Our Current Text: Moshe Maimonides's (Rambam's) “Eight Chapters”

-- Rabbi Feldman's on going series for Torah.org

**********************************************************

"Eight Chapters"

Chapter One (Part 3)

Let’s return now to our subject at hand: an exploration of the parts of the human Spirit in order to know what we're all about and how we can change for the better. As we'd said, our one Spirit is comprised of five component parts: the digestive system, the senses, the imagination, the emotions, and the intellect.

Now, as most of us know, in Rambam's words, "the digestive system encompasses the processes of ingestion, retention, digestion per se, excretion of waste, growth, procreation, and metabolism". We obviously won't be getting into the physiology and biology involved, since that's beside our point. And it's also well known that our senses include the senses of sight, hearing, taste, smell and touch. What *will* concern us about these, though, is the role they play in our free choices, which we'll discuss later on.

What's less known or perhaps less thought about is the make-up of our imaginations. Rambam defines it as "the capacity to retain impressions of experiences (in our minds) when they’re out of range of the senses involved, and to compare and contrast some to others", which is straightforward enough.

But the imagination is also what enables us to "combine certain experiences (we'd) had along with others (we'd) never had nor ever could", which is significant for our subject. Because it's this aspect of our imagination that can get us into trouble. For it sometimes enables us to "imagine" what isn't there, rather than "envision" what very well could be, but isn't yet. The distinction will prove to be vital when it comes to using our imaginations toward personal growth.

Our emotions, as we all know, "encompass the capacity to either love something or despise it", or feel somewhere in between about it. What's especially significant about our emotions, though, when it comes to our spiritual well being is that it’s also "the capacity that enables (us) to seek something out or avoid it, to be sympathetic toward something or have reservations about it, and to become angry or satisfied, fearful or brave, cruel or compassionate, loving or hateful, and the like". That's to say that it's our emotions that have us *react* one way or another to what's before us, and it's often enough under our control. This will matter a lot when it comes to acting out on our impulses or not, as we'll see.

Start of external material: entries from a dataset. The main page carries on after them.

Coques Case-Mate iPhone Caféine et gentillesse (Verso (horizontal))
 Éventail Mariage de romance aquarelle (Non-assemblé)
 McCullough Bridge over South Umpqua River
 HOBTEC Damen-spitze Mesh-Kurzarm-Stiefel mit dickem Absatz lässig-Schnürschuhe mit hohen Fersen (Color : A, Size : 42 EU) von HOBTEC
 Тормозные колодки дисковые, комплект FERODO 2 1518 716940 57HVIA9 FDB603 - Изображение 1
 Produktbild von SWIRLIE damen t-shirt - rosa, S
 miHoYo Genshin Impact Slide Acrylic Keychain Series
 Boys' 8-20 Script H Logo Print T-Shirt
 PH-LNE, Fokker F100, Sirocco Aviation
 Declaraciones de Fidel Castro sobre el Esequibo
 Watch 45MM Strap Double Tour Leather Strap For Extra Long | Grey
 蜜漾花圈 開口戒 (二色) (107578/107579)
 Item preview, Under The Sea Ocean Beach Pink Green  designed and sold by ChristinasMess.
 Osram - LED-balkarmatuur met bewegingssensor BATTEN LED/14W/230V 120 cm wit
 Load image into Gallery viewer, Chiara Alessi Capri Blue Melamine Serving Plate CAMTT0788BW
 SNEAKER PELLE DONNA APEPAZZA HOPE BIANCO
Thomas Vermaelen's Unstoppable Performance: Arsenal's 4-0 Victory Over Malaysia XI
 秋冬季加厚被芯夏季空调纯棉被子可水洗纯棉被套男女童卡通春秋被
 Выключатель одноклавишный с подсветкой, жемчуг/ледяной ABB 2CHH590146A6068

Our intellect also affects the way we react to things, since it encompasses our ability to "reason, speculate, acquire knowledge, and differentiate between good and bad behavior". It's just that, as most of us know, intellect-based reactions tend to be more dispassionate and detached. And this too will play an important role in our search for spiritual excellence.

The intellect, of course, also has more practical applications in that it enables us to "acquire skills like carpentry, agriculture, medicine, or navigation" and the like, and it also allows us to "think about when to do something (we'd) like to do, whether it’s feasible or not, and how to do it", but that's basically besides our concerns here.

Rambam then treads very delicately upon a rather recondite idea about the Spirit, as we'll see.

(c) 2006 Rabbi Yaakov Feldman and Torah.org

(Feel free to contact me at feldman@torah.org )

********************************
AT LONG LAST! Rabbi Feldman's translation of "The Gates of Repentance" has been reissued at *at a discount*!
You can order it right now from here
Rabbi Yaakov Feldman has also translated and commented upon "The Path of the Just", and "The Duties of the Heart" (Jason Aronson Publishers). His new work on Maimonides' "The Eight Chapters" will soon be available.
Rabbi Feldman also offers two free e-mail classes on www.torah.org entitled
"Spiritual Excellence" and "Ramchal"

Wednesday, February 08, 2006

This shop is going part-time for a while

I'm doing re-writes on my Derech Hashem series, getting it ready for submission toward publication. So while I'll be continuing to offer "Ma'amar HaGeulah" and "Eight Chapters" here, I won't be doing much on R' Ashlag or "The Great Redemption" for a while

Tuesday, February 07, 2006

Ma'amar HaGeulah (Exile, Ch. 4)

Ma'amar HaGeulah

-- "The Great Redemption", a reworking of Ramchal's "Ma'amar HaGeulah"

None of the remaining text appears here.